WORK INSTRUCTIONS: Once you reach the line with "The feeder has" in the material below, copy each line exactly up to and including the line with "Appliances for creaming", and skip the pictures.

DATA LISTING:
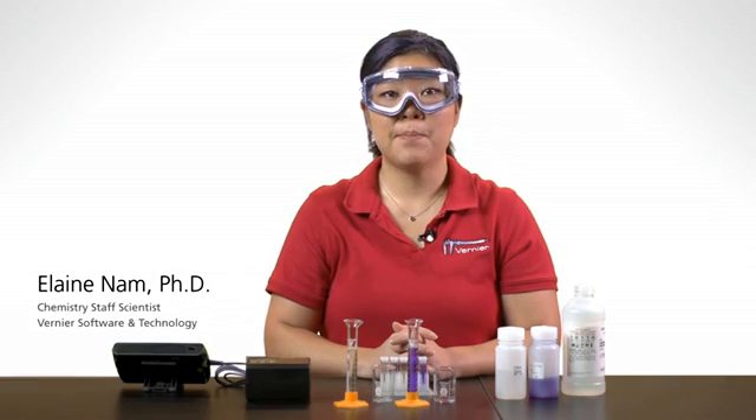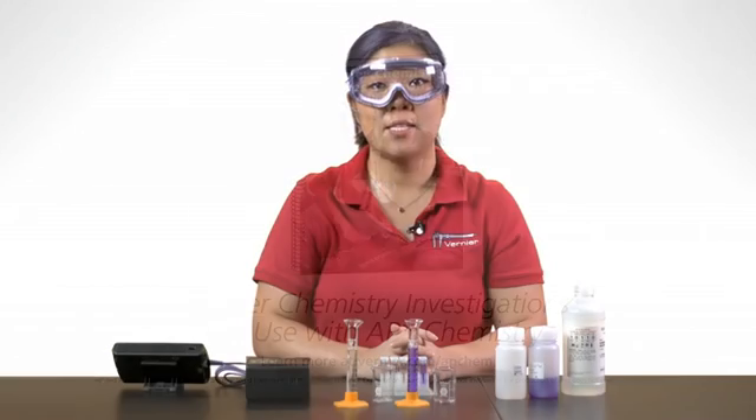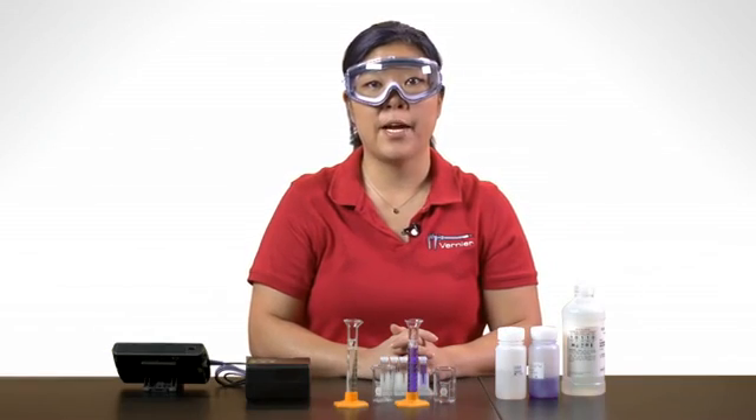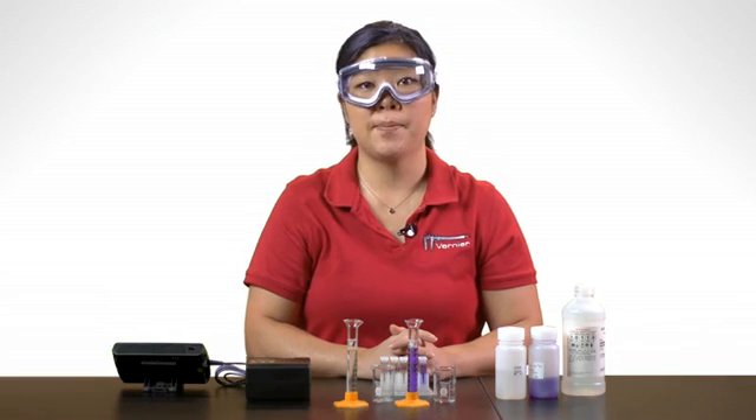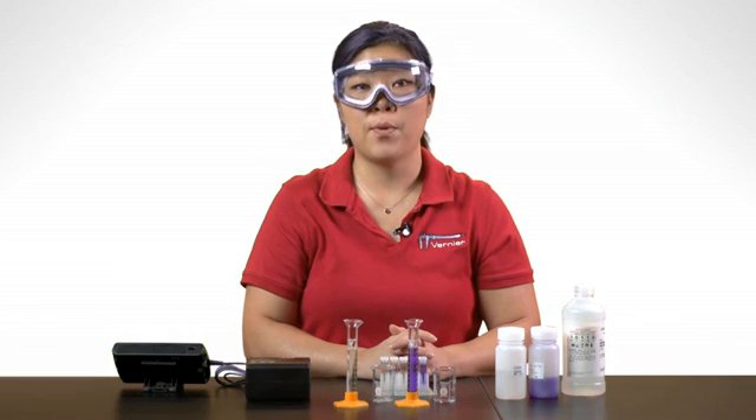This video will present tech tips for Lab 11 from the Vernier Chemistry Investigations for Use with AP Chemistry Lab Book, using the colorimeter. In this kinetics experiment, you'll be exploring the reaction between solutions of crystal violet and sodium hydroxide. One of the goals will be to write the rate law for the reaction.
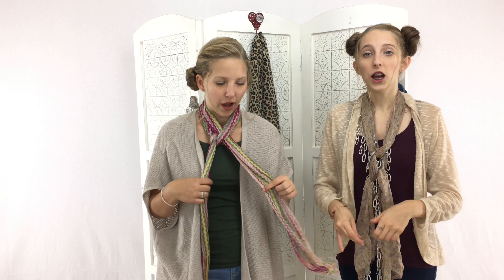Hey everyone, you're watching Hannah and Carly. It is officially fall time, which means we get to get out our scarves! So with that, we are going to show you six easy scarf ties. Let's get started!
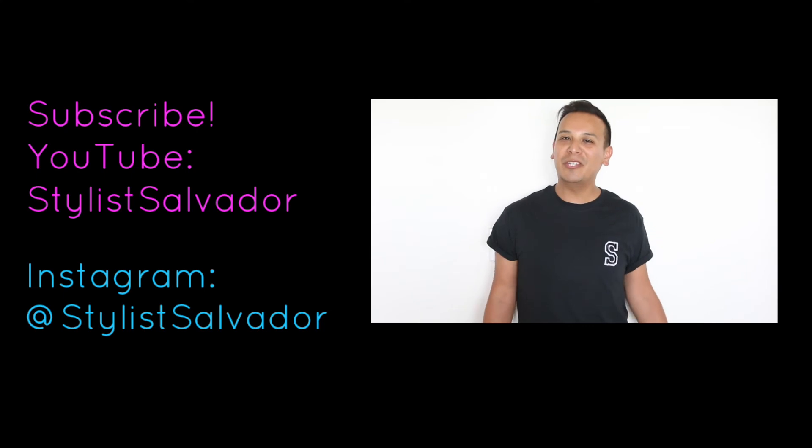Ow! Prickly little suckers, isn't it? ¿Qué es más? Subscribe to my YouTube channel and visit my Instagram at StylistSalvador.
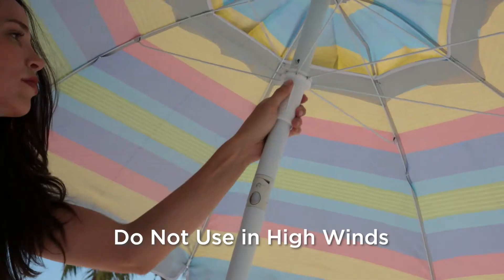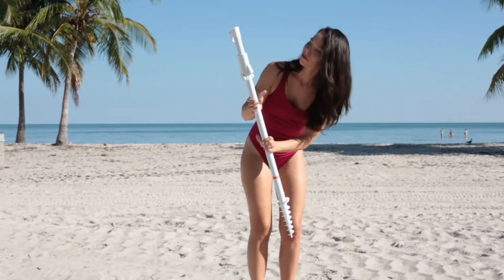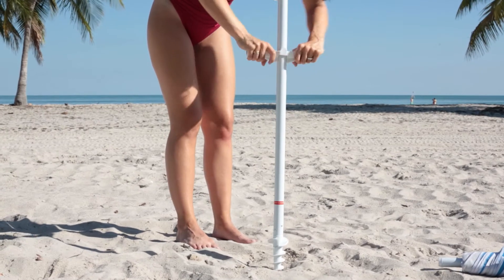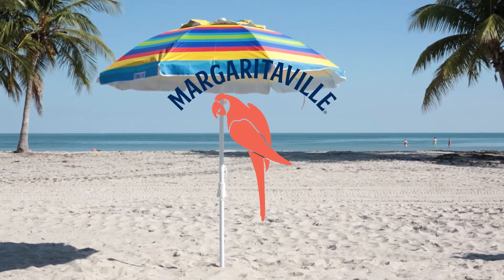If the open umbrella begins to lean over, immediately close the top. Wait for the wind to subside and re-secure the base for safety. Now your umbrella is safely secured and you can enjoy your day at the beach.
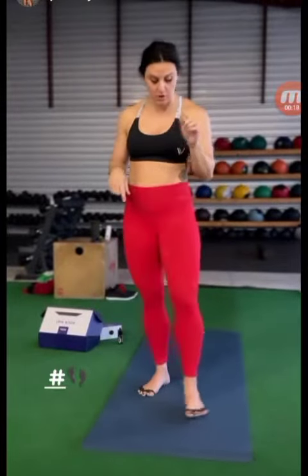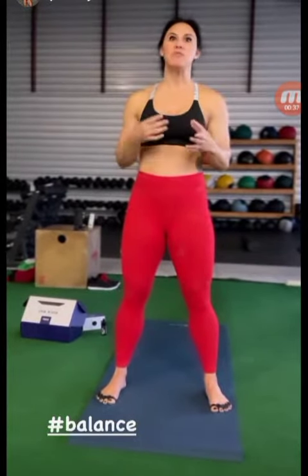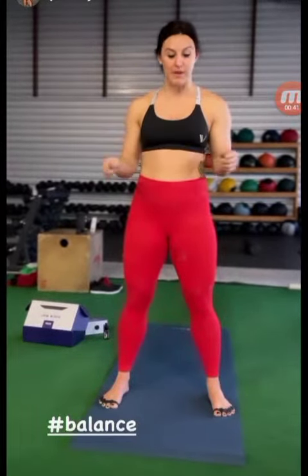Our feet are our foundation for everything. When working out, sometimes my feet cramp and my balance can be a little off. I discovered these toe spacers — they separate your toes. I've been using them to regain my balance, really centering my toes into the ground all the way back into the heels, and stretching those toes and tendons out. Take a look at them — they're amazing. Go to their website and read all the research. They're a phenomenal product.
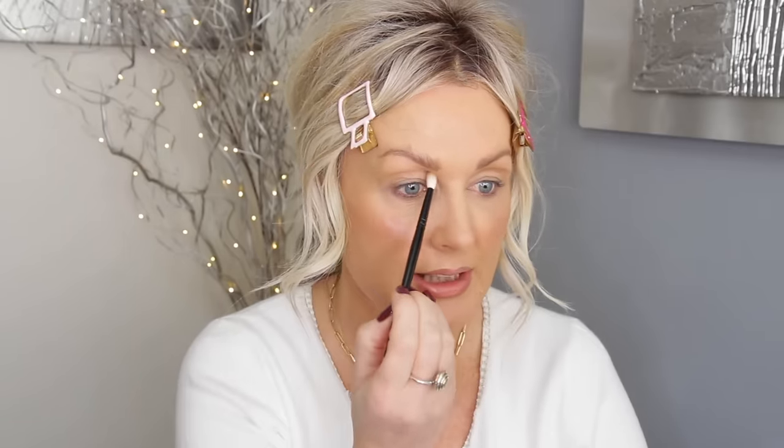Now let's do it on this side — it's always more difficult because I have to hold it with my left hand. Again, hold it straight, stick that pointy bit of the spoon into the nook of your nose, find your bone. And there it is — look how even they are.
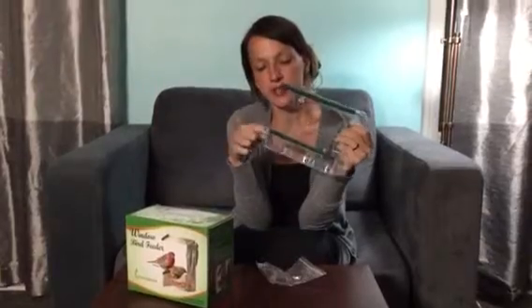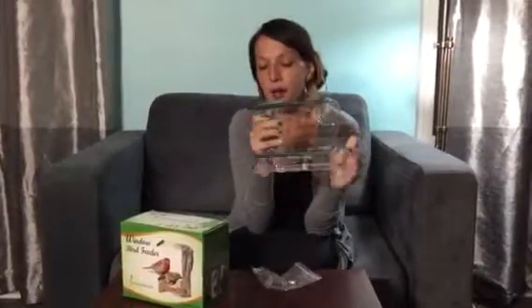The feeder has these little bars that the birdies hang on to, and you can see that there are two of them. It has an open nest design, which means it's not a completely closed area, but it's completely see-through. So you're actually going to be able to see everything that the birds are doing as you're watching them from back here.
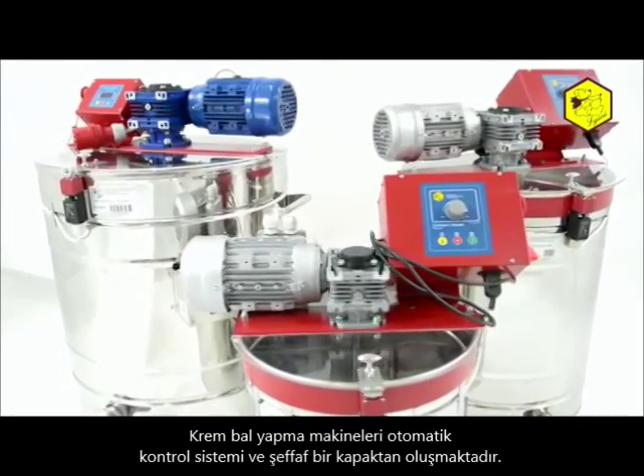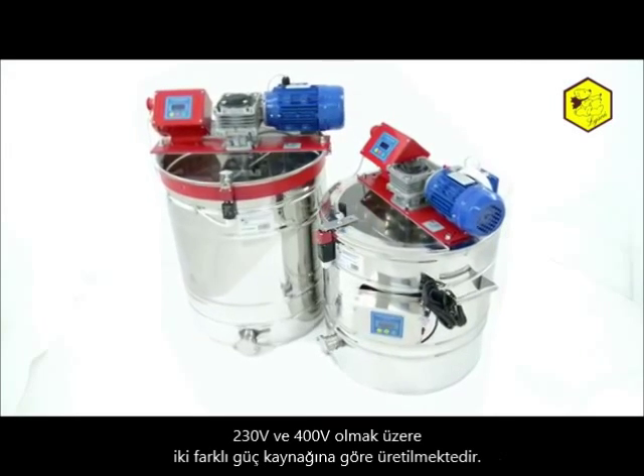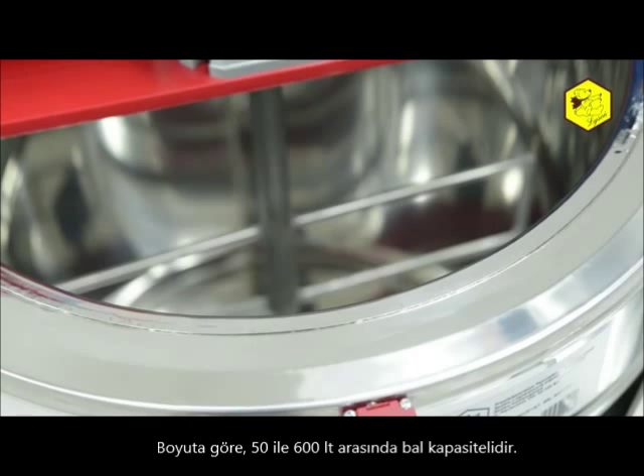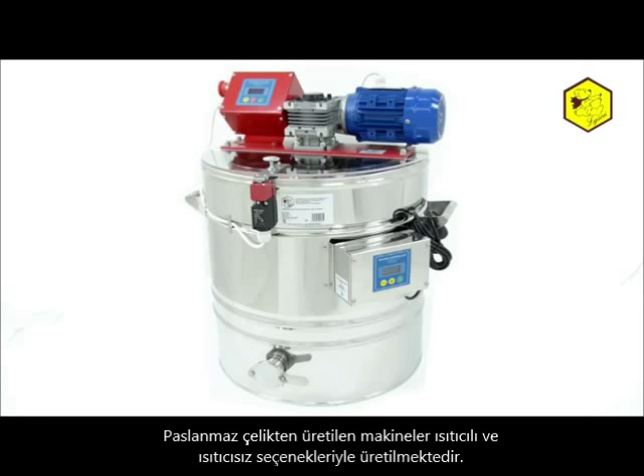Appliances for creaming honey have an automatic control and a transparent lid. They have two types of supply: 230 volts and 400 volts. Depending on the size, they can hold from 50 up to 600 litres of honey. They are made from stainless steel.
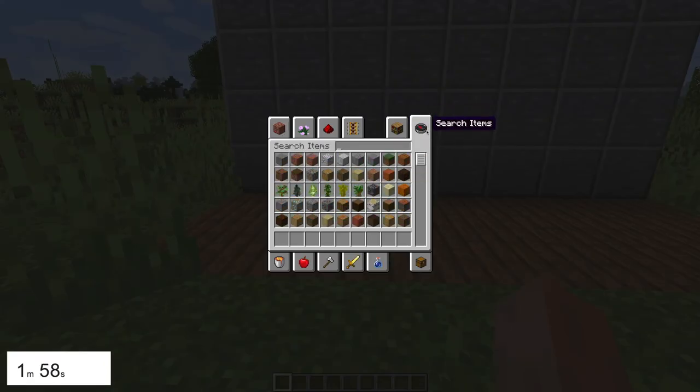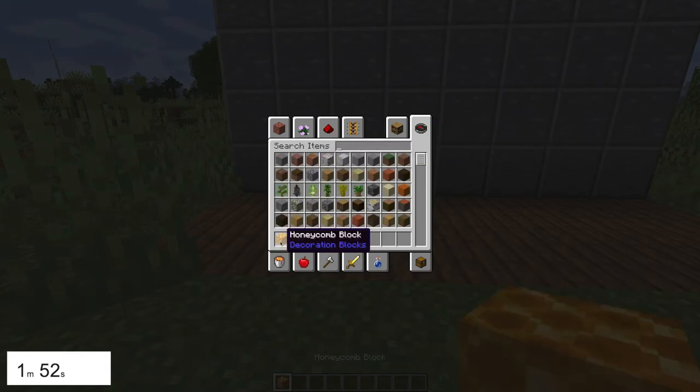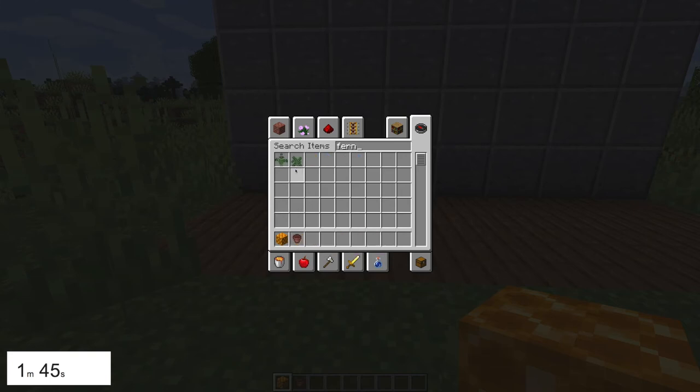So what do you want to grab yourself? You want to grab yourself a honeycomb, a flower pot, and some fern — not large fern, normal fern.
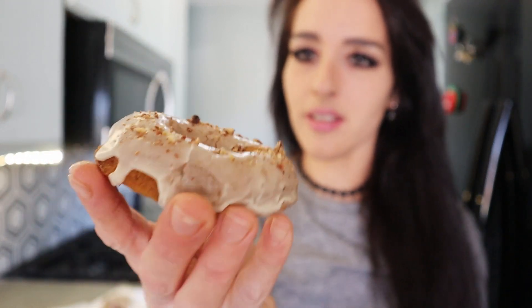Time for the best part — taste test time! These donuts, oh my god, the texture is just driving me insane. Can you see that? They are so extremely moist inside.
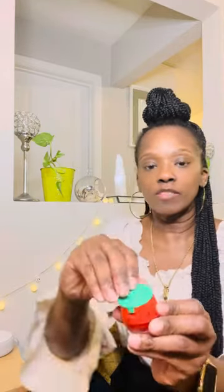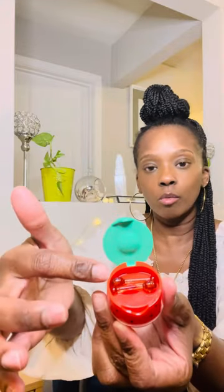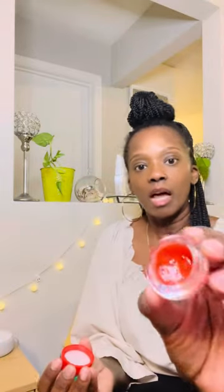It has an applicator in the top — you just flip the top open like this. The top also screws off, so you take it and screw it off like that. And then that's where you see the actual lip gloss inside. You can see I've been using mine.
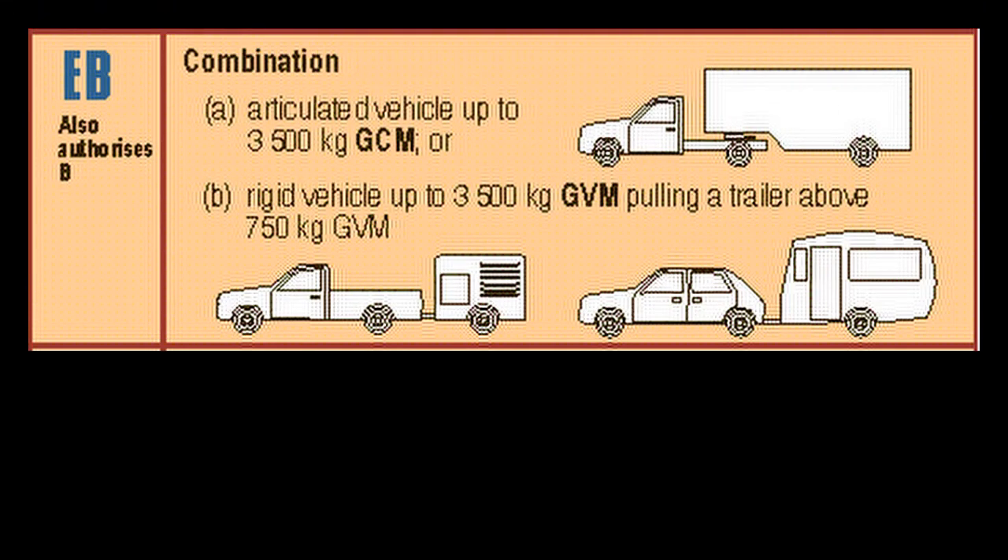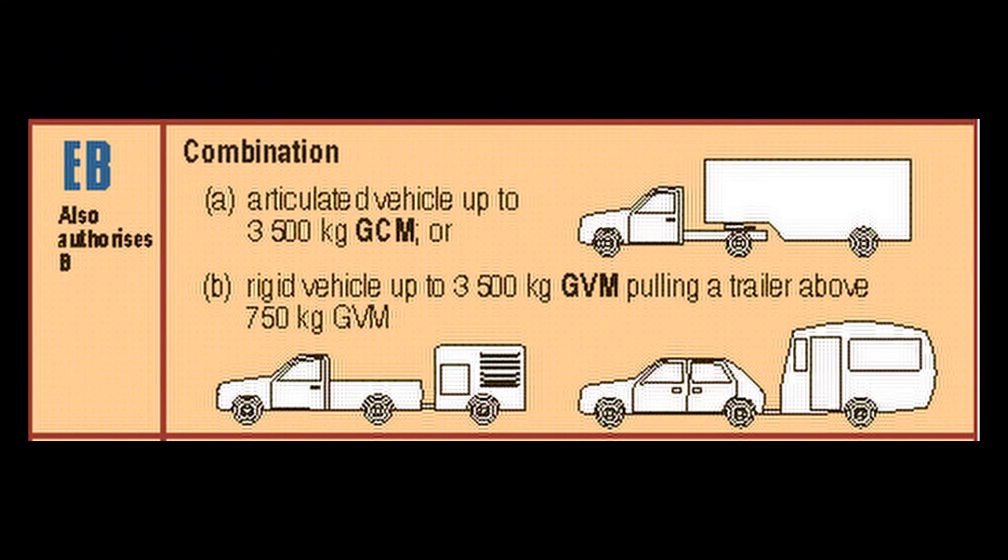The purpose of an EB license is that you can operate articulated vehicles with a gross combination mass (GCM) of up to 3,500 kilograms, as well as vehicles permitted under code B but with a trailer with a GVM larger than 750 kilograms. You may operate any of the vehicles mentioned under B if you have an EB license.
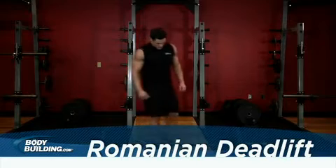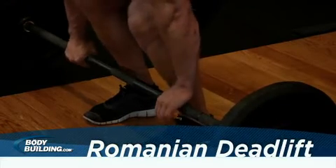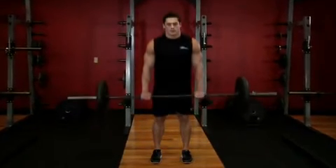With the barbell in front of you on the ground, reach down and grab it with a shoulder-width overhand grip. Now stand with the barbell. This will be your starting position.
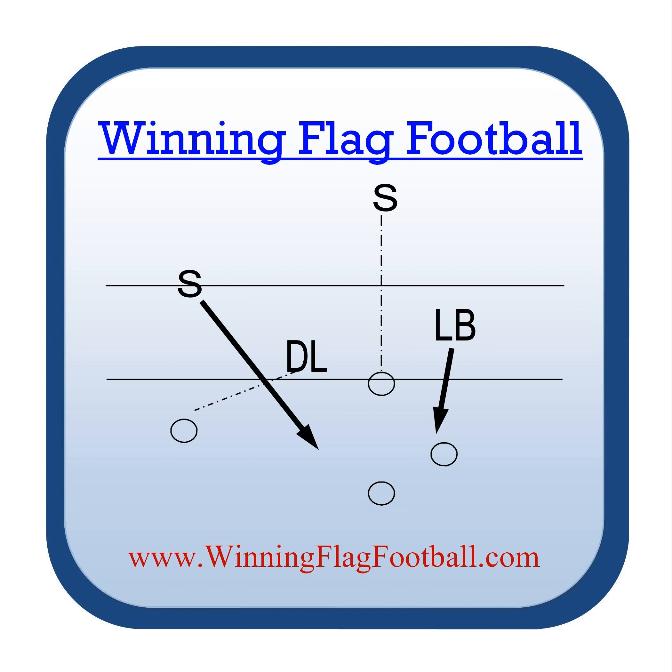Welcome back to Winning Flag Football. I'm your host, Coach Art. Sometimes I just like to talk directly to you about what looks good on paper doesn't necessarily look good on the field. I've drawn up some beautiful diagrams for plays that just flat out don't work. So let's talk a little bit about how you can recognize when a play isn't going to work on the practice field.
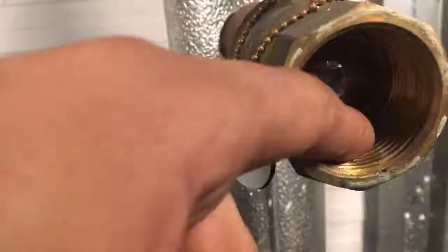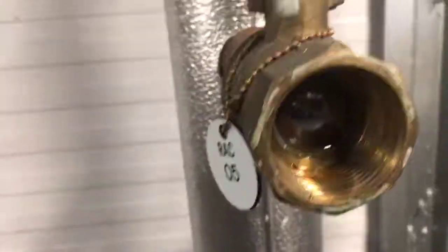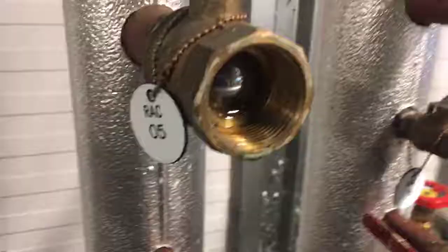This one in particular — as you can see, the seal has actually failed on this fitting, so you need to have a blind cap fitted as soon as possible to prevent any water leaks.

YOUR SOLUTION:
The feeder has these little bars that the birdies hang on to, and you can see that there are two of them. It has an open nest design, which means it's not a completely closed area, but it's completely see-through. So you're actually going to be able to see everything that the birds are doing as you're watching them from back here.
Appliances for creaming honey have an automatic control and a transparent lid. They have two types of supply: 230 volts and 400 volts. Depending on the size, they can hold from 50 up to 600 litres of honey. They are made from stainless steel.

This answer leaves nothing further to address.